Delta Lake supports three categories of parameters, each with a different configuration scope and prefix.
| Category | How to set | Prefix |
|---|
| Spark SQL parameters | Used to execute SQL statements | spark.sql. |
| Runtime parameters | Set dynamically per session | spark.databricks.delta. |
| Non-runtime parameters | Set as global defaults in the Spark configuration file, or per-table in TBLPROPERTIES | Global: spark.databricks.delta.properties.defaults. Table: delta. |
For non-runtime parameters, table properties take precedence over global parameters. To set a table property, use the TBLPROPERTIES clause in a CREATE TABLE statement.
-- Set a global default
SET spark.databricks.delta.properties.defaults.deletedFileRetentionDuration = interval 2 weeks;
-- Set a table property (applies to this table only)
CREATE TABLE my_table (id INT, data STRING)
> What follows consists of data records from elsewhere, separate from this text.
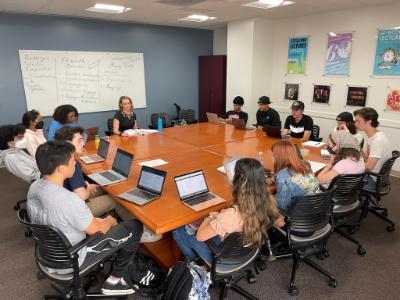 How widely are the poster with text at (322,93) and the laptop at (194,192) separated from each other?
390cm

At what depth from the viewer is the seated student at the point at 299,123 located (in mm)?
4145

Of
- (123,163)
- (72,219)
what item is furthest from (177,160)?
(72,219)

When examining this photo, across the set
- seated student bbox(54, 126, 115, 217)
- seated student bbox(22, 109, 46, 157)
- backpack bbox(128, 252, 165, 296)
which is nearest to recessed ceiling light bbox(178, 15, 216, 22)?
seated student bbox(22, 109, 46, 157)

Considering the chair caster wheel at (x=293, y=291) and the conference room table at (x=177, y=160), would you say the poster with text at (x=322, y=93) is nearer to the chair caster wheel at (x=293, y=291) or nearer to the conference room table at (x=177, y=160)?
the conference room table at (x=177, y=160)

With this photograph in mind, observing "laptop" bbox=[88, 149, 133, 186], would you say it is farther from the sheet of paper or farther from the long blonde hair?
the long blonde hair

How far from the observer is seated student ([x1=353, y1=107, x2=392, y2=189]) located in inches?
115

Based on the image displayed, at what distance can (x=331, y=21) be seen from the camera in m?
4.94

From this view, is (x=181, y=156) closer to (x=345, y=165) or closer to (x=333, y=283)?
(x=345, y=165)

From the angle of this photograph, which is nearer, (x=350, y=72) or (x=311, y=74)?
(x=350, y=72)

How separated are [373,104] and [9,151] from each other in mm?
4999

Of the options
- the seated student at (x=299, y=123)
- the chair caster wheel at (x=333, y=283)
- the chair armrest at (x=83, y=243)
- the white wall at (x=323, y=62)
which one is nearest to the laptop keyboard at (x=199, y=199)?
the chair armrest at (x=83, y=243)

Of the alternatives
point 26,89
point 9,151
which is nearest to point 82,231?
point 9,151

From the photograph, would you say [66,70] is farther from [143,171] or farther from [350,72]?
[350,72]

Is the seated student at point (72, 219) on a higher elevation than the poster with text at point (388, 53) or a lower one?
lower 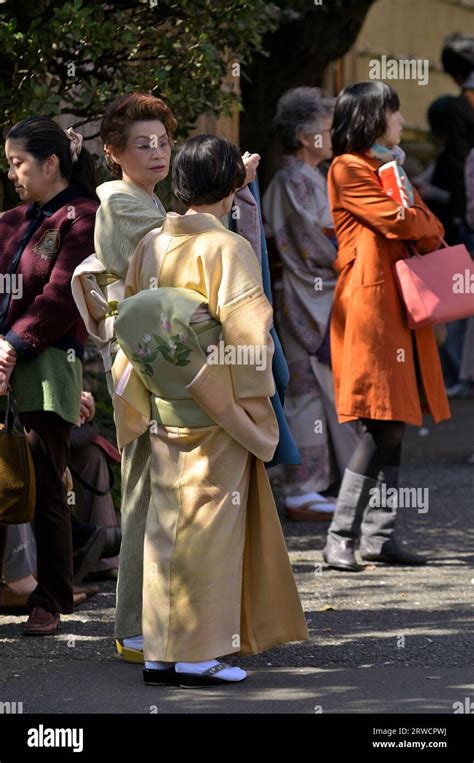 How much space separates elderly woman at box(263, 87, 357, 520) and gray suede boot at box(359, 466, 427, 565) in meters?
1.32

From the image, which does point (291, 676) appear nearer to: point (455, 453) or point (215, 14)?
point (215, 14)

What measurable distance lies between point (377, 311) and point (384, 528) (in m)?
1.01

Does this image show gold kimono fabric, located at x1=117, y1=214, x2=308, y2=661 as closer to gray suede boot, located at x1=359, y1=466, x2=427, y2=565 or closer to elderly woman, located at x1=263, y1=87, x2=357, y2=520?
gray suede boot, located at x1=359, y1=466, x2=427, y2=565

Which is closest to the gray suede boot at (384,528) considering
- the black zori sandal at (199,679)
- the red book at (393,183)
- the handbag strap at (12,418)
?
the red book at (393,183)

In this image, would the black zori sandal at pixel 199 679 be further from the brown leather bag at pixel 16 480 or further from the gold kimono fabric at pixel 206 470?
the brown leather bag at pixel 16 480

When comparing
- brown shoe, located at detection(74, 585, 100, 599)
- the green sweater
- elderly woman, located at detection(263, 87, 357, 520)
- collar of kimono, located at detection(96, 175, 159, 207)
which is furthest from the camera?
elderly woman, located at detection(263, 87, 357, 520)

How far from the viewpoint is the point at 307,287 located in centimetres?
916

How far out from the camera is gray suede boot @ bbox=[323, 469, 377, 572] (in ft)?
24.3

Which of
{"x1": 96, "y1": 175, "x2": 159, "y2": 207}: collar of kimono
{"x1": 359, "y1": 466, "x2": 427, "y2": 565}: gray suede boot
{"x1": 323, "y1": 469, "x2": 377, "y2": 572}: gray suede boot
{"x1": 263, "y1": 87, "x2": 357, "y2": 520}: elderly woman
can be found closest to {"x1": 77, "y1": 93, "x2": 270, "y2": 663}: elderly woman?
{"x1": 96, "y1": 175, "x2": 159, "y2": 207}: collar of kimono

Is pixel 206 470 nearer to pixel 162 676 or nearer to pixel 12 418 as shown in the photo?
pixel 162 676

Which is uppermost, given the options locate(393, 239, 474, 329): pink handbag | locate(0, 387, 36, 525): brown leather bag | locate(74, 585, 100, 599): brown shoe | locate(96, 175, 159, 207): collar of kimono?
locate(96, 175, 159, 207): collar of kimono

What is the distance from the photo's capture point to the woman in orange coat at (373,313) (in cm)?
731

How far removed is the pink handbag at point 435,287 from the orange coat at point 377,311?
9 cm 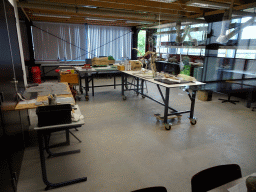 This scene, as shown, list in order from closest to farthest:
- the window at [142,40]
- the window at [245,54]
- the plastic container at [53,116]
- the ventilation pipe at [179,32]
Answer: the plastic container at [53,116]
the window at [245,54]
the ventilation pipe at [179,32]
the window at [142,40]

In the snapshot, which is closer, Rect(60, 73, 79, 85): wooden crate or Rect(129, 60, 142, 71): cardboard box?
Rect(60, 73, 79, 85): wooden crate

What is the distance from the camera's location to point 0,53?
169 centimetres

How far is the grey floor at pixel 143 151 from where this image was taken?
2.11m

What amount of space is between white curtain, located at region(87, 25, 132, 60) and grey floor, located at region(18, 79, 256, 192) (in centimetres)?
583

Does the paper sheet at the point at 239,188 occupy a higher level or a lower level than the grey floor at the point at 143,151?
higher

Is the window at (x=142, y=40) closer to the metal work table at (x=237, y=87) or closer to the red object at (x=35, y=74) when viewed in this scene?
the metal work table at (x=237, y=87)

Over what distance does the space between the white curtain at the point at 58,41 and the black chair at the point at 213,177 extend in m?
9.08

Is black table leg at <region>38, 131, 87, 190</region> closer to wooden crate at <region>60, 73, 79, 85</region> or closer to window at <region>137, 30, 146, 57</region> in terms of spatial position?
wooden crate at <region>60, 73, 79, 85</region>

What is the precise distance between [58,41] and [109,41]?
260 cm

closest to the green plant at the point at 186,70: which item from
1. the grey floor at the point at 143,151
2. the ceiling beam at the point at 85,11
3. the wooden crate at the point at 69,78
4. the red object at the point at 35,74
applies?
the ceiling beam at the point at 85,11

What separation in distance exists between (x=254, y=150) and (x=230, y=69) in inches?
139

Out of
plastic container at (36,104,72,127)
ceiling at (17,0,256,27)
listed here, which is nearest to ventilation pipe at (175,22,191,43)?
ceiling at (17,0,256,27)

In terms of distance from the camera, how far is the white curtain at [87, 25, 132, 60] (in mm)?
9327

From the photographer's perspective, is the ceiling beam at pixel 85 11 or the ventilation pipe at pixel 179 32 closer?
the ceiling beam at pixel 85 11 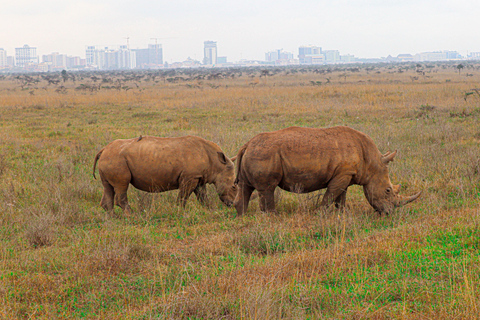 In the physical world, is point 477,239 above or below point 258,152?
below

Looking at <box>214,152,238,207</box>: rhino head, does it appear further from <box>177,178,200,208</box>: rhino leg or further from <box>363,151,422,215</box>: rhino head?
<box>363,151,422,215</box>: rhino head

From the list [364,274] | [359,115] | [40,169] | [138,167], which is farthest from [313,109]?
[364,274]

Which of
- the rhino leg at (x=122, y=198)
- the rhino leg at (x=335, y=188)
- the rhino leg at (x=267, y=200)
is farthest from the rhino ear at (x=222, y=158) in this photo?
the rhino leg at (x=335, y=188)

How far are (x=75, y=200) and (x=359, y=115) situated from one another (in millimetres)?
13044

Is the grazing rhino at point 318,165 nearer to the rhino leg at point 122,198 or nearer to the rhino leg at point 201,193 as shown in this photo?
the rhino leg at point 201,193

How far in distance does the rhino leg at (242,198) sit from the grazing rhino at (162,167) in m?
0.42

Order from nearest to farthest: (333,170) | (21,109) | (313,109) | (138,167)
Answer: (333,170) < (138,167) < (313,109) < (21,109)

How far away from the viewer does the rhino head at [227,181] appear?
27.1 ft

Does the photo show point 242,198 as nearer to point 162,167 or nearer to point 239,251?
point 162,167

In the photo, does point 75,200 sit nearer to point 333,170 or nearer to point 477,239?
point 333,170

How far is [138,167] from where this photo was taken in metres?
7.84

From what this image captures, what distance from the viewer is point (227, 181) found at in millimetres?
8297

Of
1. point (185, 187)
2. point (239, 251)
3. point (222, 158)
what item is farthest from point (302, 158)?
point (185, 187)

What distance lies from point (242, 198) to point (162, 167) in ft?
4.68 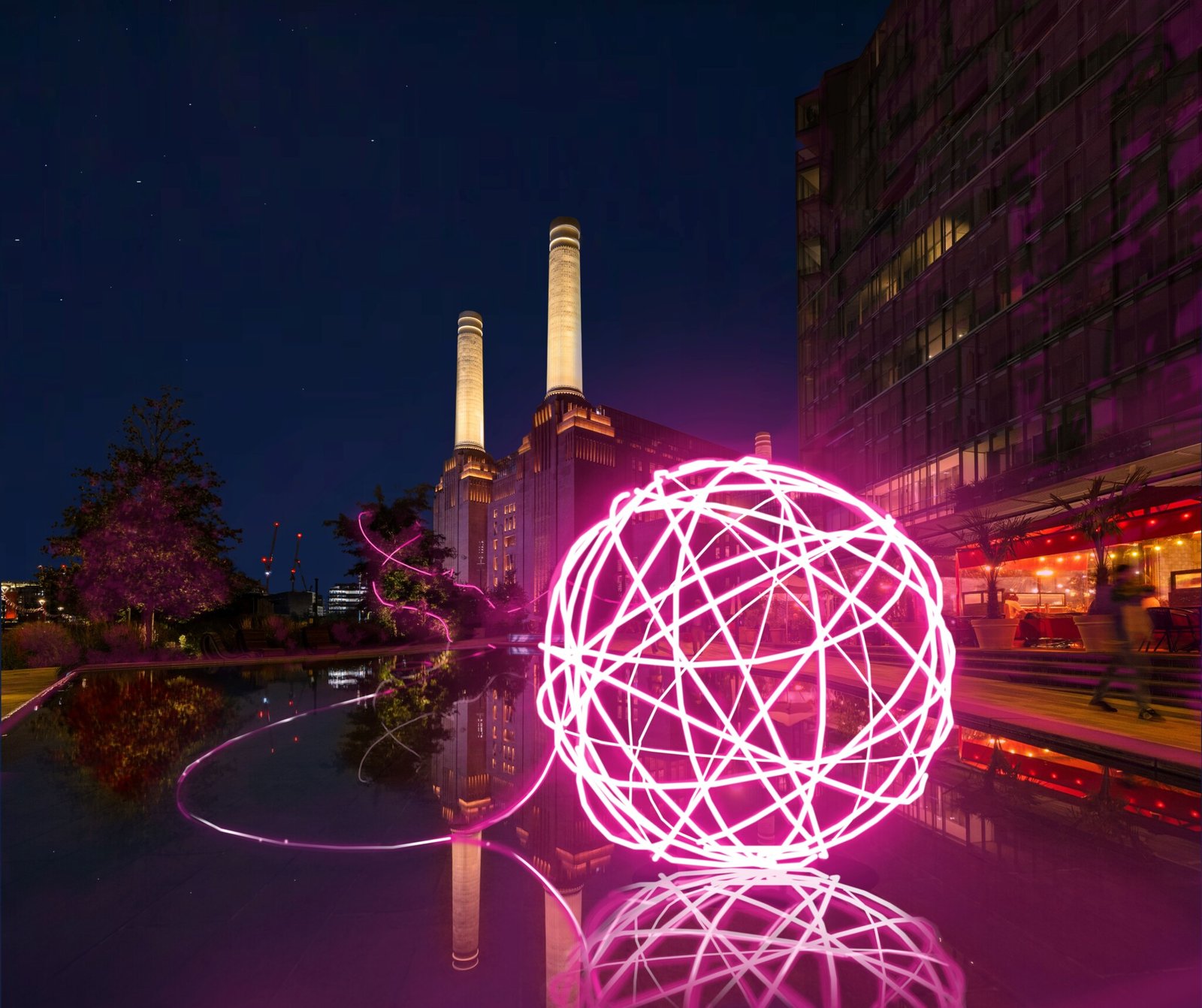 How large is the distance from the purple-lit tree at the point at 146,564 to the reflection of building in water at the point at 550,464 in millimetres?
44671

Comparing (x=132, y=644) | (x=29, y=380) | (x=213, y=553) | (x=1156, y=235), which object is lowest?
(x=132, y=644)

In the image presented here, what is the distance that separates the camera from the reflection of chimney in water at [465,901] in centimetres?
322

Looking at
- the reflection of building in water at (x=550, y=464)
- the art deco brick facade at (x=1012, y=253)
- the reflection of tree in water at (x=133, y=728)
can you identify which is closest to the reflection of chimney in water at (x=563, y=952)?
the reflection of tree in water at (x=133, y=728)

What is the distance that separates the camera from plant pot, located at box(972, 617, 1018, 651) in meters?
16.8

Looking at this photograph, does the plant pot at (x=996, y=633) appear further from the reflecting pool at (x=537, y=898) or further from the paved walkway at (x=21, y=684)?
the paved walkway at (x=21, y=684)

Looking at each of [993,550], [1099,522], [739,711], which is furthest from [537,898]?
[993,550]

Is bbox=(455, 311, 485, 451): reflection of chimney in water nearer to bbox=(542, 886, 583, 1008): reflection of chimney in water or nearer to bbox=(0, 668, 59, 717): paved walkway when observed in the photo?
bbox=(0, 668, 59, 717): paved walkway

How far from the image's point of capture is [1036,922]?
3.57 meters

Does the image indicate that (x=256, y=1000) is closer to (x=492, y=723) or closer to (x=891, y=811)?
(x=891, y=811)

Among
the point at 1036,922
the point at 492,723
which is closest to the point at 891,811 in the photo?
the point at 1036,922

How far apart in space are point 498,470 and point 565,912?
95646mm

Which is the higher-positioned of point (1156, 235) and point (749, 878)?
point (1156, 235)

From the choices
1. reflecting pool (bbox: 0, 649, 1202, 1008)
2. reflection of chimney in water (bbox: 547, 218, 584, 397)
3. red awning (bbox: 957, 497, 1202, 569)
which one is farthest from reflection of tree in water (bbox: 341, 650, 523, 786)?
reflection of chimney in water (bbox: 547, 218, 584, 397)

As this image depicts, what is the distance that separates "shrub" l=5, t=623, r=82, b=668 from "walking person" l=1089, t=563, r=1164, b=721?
28.6m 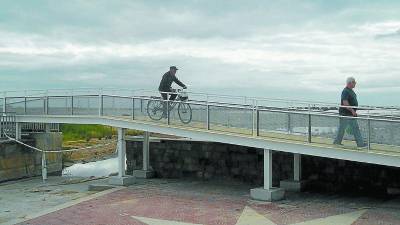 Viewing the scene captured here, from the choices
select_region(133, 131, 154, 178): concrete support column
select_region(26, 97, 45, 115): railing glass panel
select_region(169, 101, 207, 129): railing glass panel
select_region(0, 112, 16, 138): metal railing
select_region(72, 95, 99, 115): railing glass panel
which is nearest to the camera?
select_region(169, 101, 207, 129): railing glass panel

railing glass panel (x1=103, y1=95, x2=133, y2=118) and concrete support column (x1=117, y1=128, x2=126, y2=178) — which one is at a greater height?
railing glass panel (x1=103, y1=95, x2=133, y2=118)

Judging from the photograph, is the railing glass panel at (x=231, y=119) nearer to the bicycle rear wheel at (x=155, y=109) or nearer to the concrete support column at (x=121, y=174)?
the bicycle rear wheel at (x=155, y=109)

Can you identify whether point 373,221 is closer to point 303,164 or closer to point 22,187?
point 303,164

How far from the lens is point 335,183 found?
1767cm

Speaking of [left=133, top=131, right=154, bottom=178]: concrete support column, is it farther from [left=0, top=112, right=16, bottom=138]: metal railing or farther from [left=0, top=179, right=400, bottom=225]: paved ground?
[left=0, top=112, right=16, bottom=138]: metal railing

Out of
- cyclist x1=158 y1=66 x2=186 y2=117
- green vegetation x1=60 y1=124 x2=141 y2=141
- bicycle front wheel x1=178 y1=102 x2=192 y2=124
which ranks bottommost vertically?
green vegetation x1=60 y1=124 x2=141 y2=141

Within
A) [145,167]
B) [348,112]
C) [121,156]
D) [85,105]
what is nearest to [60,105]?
[85,105]

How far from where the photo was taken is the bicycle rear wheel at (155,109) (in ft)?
61.0

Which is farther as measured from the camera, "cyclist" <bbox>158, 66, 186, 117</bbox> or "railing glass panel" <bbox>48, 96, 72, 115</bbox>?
"railing glass panel" <bbox>48, 96, 72, 115</bbox>

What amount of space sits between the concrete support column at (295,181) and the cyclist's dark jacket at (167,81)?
492 centimetres

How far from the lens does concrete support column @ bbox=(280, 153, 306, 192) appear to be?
17188mm

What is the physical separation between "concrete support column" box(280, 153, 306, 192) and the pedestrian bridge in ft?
1.05

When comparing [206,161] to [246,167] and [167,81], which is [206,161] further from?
[167,81]

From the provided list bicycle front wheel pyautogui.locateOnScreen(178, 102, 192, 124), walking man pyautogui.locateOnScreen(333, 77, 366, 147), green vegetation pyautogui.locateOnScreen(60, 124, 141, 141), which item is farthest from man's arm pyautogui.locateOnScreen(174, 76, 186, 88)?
green vegetation pyautogui.locateOnScreen(60, 124, 141, 141) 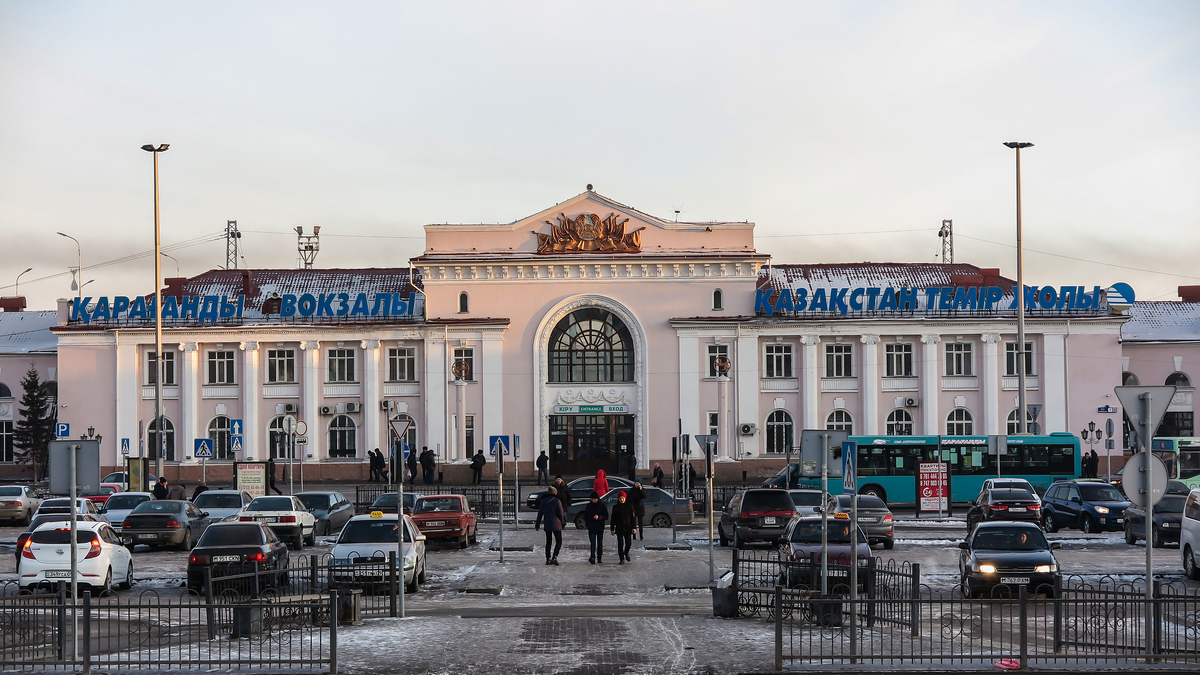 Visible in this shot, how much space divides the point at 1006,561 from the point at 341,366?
4377 cm

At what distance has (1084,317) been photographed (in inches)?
2295

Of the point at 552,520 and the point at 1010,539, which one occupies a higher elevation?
the point at 1010,539

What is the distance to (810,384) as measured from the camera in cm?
5869

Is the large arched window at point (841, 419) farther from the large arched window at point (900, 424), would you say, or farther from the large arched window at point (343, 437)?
the large arched window at point (343, 437)

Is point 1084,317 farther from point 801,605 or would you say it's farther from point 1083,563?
point 801,605

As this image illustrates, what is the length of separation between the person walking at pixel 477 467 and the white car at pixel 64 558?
3221cm

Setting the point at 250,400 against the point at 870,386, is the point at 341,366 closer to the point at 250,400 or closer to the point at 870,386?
the point at 250,400

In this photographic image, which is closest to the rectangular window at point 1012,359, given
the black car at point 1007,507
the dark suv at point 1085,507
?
the dark suv at point 1085,507

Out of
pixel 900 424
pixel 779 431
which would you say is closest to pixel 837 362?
pixel 900 424

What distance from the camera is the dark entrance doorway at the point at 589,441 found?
58.7 metres

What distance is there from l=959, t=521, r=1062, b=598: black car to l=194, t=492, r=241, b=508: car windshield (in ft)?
65.2

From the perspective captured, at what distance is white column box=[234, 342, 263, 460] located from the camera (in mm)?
59031

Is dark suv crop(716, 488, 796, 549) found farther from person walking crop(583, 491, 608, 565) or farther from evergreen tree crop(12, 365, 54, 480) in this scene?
evergreen tree crop(12, 365, 54, 480)

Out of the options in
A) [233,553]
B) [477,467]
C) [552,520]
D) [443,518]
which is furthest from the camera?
[477,467] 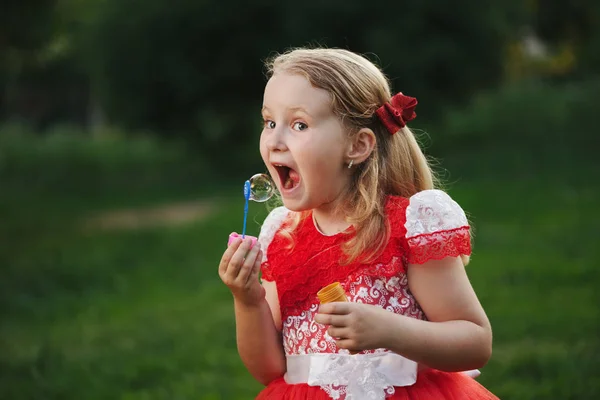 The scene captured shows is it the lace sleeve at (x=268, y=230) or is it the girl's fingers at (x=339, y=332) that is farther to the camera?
the lace sleeve at (x=268, y=230)

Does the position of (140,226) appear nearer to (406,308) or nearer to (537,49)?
(406,308)

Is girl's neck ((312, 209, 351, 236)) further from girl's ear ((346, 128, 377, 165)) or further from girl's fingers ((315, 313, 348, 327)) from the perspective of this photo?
girl's fingers ((315, 313, 348, 327))

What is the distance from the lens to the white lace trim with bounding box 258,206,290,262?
2641mm

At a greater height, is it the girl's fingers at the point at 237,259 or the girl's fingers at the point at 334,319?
the girl's fingers at the point at 237,259

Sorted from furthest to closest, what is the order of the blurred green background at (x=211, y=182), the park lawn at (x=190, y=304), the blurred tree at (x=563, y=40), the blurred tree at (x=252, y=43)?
1. the blurred tree at (x=563, y=40)
2. the blurred tree at (x=252, y=43)
3. the blurred green background at (x=211, y=182)
4. the park lawn at (x=190, y=304)

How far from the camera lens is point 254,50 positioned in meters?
18.9

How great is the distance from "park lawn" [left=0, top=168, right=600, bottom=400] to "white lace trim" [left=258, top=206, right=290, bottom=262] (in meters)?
1.25

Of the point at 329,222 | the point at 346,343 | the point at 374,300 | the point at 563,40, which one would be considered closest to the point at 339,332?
the point at 346,343

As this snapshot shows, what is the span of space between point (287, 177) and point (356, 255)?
281 mm

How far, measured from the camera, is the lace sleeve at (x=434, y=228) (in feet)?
7.54

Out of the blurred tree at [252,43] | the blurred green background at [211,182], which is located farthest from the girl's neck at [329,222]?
the blurred tree at [252,43]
TBLPROPERTIES ('delta.deletedFileRetentionDuration' = 'interval 2 weeks');
Parameter reference
The following tables describe the available parameters grouped by function.
Data retention
| Parameter | Data type | Default | Description |
|---|
spark.databricks.delta.properties.defaults.deletedFileRetentionDuration or delta.deletedFileRetentionDuration | CalendarInterval | interval 1 week | How long Delta Lake retains tombstones (markers for deleted files) before physically removing them. If retentionDurationCheck.enabled is true, an exception is thrown when you run VACUUM against tombstones still within this period. The retention period must be at least 1 hour. |
spark.databricks.delta.properties.defaults.logRetentionDuration or delta.logRetentionDuration | CalendarInterval | interval 30 days | How long Delta log files remain valid. A log file expires when its corresponding data file is compacted, or when this duration elapses. Delta checks for and deletes expired log files each time it generates a checkpoint, preventing unbounded log growth. |
spark.databricks.delta.retentionDurationCheck.enabled | Boolean | true | Whether Delta enforces the retention period check when deleting tombstones. Set to false only to remove recently merged small files, but we recommend that you use the default value. Otherwise, data generated recently may be deleted, which causes data read/write failures. |
Schema evolution
| Parameter | Data type | Default | Description |
|---|
spark.databricks.delta.schema.autoMerge.enabled | Boolean | false | Whether Delta automatically merges the schema of incoming data with the destination table schema on write. We recommend that you do not set this parameter to true. Instead, pass the mergeSchema option explicitly when writing data to control schema evolution per write operation. |
Performance tuning
| Parameter | Data type | Default | Description |
|---|
spark.databricks.delta.snapshotPartitions | Int | 10 | Number of partitions used when reading Delta log metadata. Increase this value for large Delta logs to improve parsing performance; decrease it for small Delta logs. This parameter has a significant effect on Delta table parsing speed. |
spark.sql.sources.parallelPartitionDiscovery.parallelism | Int | 1000 | Number of parallel tasks Delta uses to scan files. This parameter applies only to the VACUUM command. Decrease it if the number of files is small to avoid unnecessary overhead. This is a Spark SQL parameter. |